A huge pile of debris and dirt loomed behind the detour sign. We detoured, and after a quick left and a right, we saw a low beige building on the next block. Was that it? We drove into the parking lot and there above the double glass doors herons waded in a Florida marsh and spoonbills scouted for supper. The mural on the waste management building was lovely - a full-color depiction of Old Florida.
My husband walked over to one of the tiled concrete pillars. I trailed behind tentatively, eyeing the fern-green background, as small lines of letters sorted themselves out in my vision. There were lines about clean air and blue water written by grade-school children. There was a line about our stewardship of the earth written by a long-gone bureaucrat. And there was my line.
Each letter had its own tile. Each tile was a different shade, so that the whole line progressed through the light spectrum like a rainbow. Each letter was raised in relief, so that my words were three-dimensional, tangible in my hand. The line wrapped itself completely around the pillar, bracing it, girding it, as it were. It was my line, and it would be there longer than I'd be on the planet.
I walked slowly around the pillar, touching each letter like a talisman as I read, This is twilight reeling in it's fuchsia - IT'S? Apostrophe "s"? What?

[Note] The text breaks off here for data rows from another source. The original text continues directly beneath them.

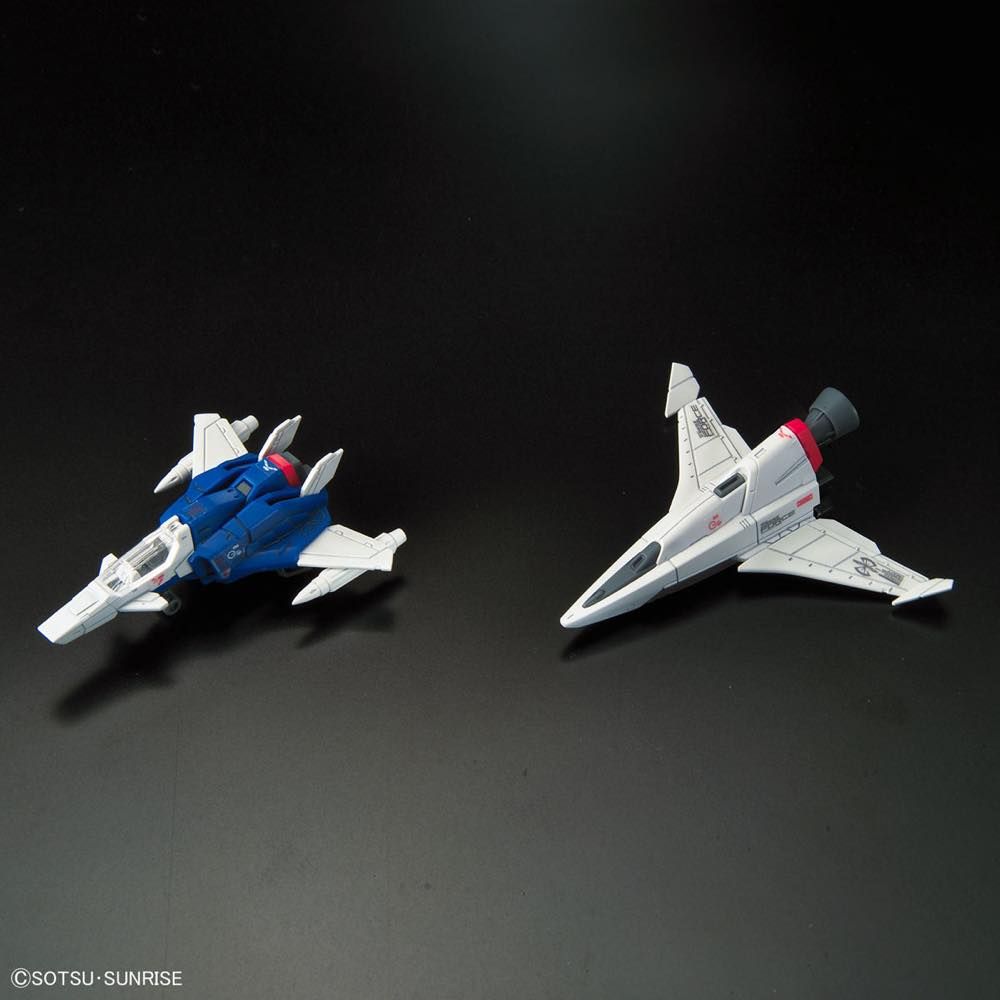 Gundam 1/144 RG #33 Seed Destiny ZGMF-X56S/a Force Impulse Gundam Model Kit product image 8, provided for visual reference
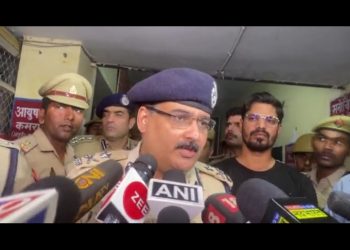 On Saturday night, ‘Gangster’ Atiq Ahmed and his brother Ashraf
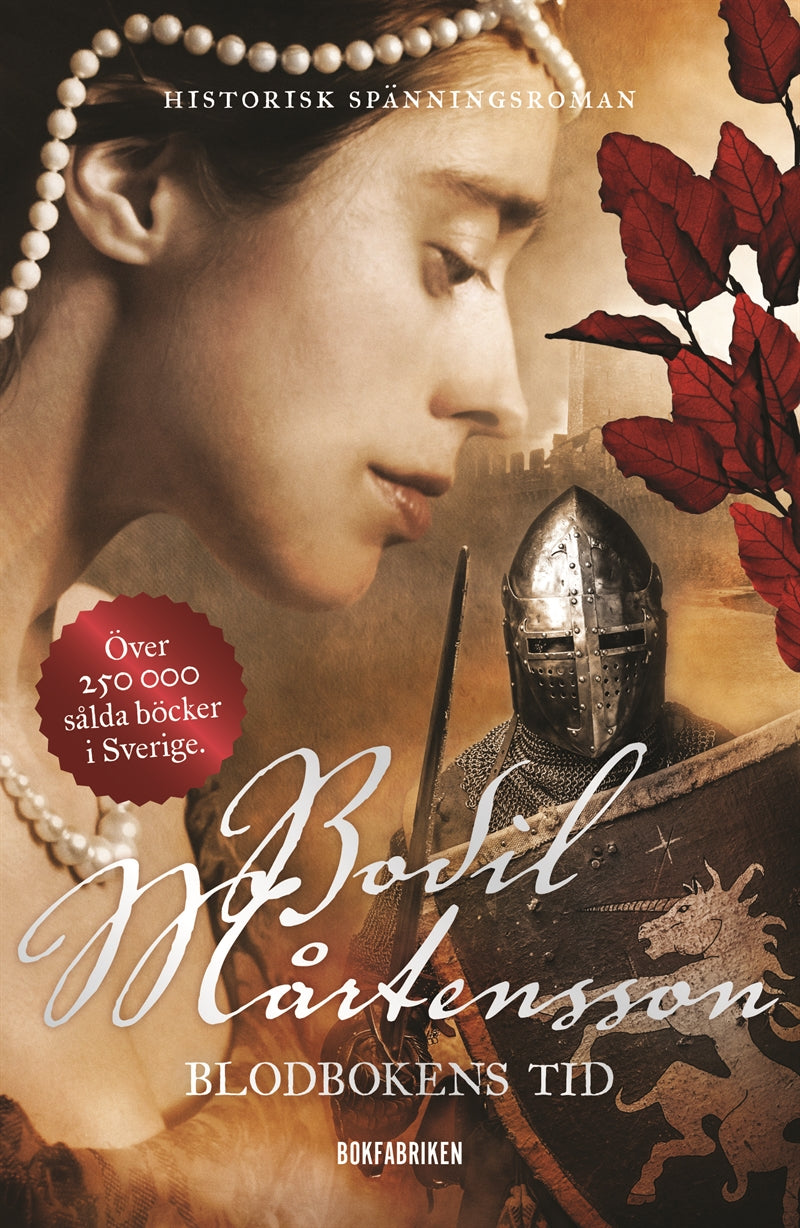 Blodbokens tid – E-bok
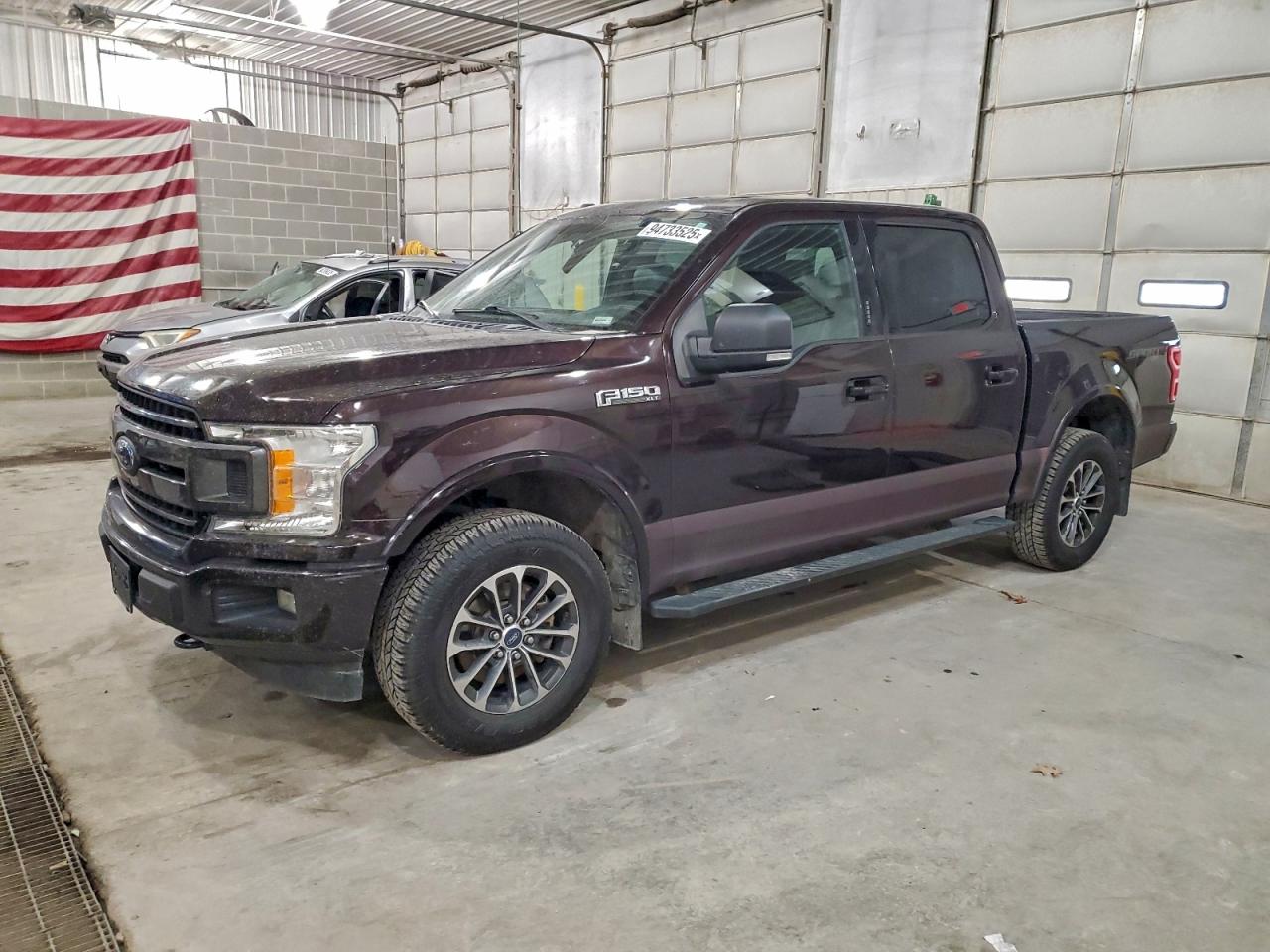 Ford F-150 Supercrew Image 1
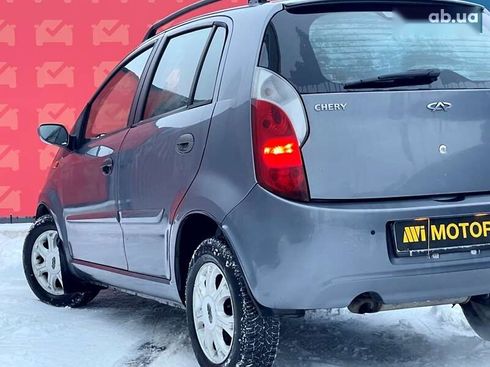 Chery Kimo 2008 - фото 9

It couldn't be! Apostrophe "s" for the possessive form, the king of my grammar pet peeves, the mistake I always pointed out when we saw it on some business sign as an indication of the owner's mental midgetry or worse, grammatical laziness. Apostrophe "s"! It didn't even make sense. This is twilight reeling in IT IS fuchsia shadow. I knew I didn't write that. But there it was, in three-dimensional tile letters - the apostrophe even had its (Note: no apostrophe) own tile - for all the world, including every poet, English teacher and student I know, to see. Somebody had edited my line. Somebody with bad grammar. It could have been that artist. Everybody knows they're not good at English.
I let the holidays pass before I considered calling the artist in Denver. To do that, I'd have to track down the contact information from the public arts department. I called the city department and took that little opportunity to diplomatically vent my outrage before asking for the numbers. But the receptionist dryly informed me I had the wrong office: I needed the county public arts department.
Determined, I worked my way furiously through the county office's phone tree. I lucked out and one of the top administrators answered the phone. Yes, she knew the mural. No, she didn't have the artist's numbers anymore. She had no idea who could have made such a mistake and when I suggested that maybe my line could be redone, the apostrophe pried out and the "s" tile moved over, I was met with a long sigh. Aaah, she didn't think so. It was virtually impossible. And, sotto voce, she confided that the people at the waste management department wouldn't know the difference anyway.
The computer I'm writing this on still isn't able to e-mail. I put the 100 bucks toward a new printer. I haven't told any of my poet friends about my public arts project. But someday soon, ignoring the snickers of my muses, I'm going to load them all into my un-air-conditioned van and drive out at sunset to see the roseate spoonbills fishing for their supper on Spruce Street.
- Gianna Russo is a poet and creative writing teacher at Howard W. Blake Magnet School of the Arts in Tampa.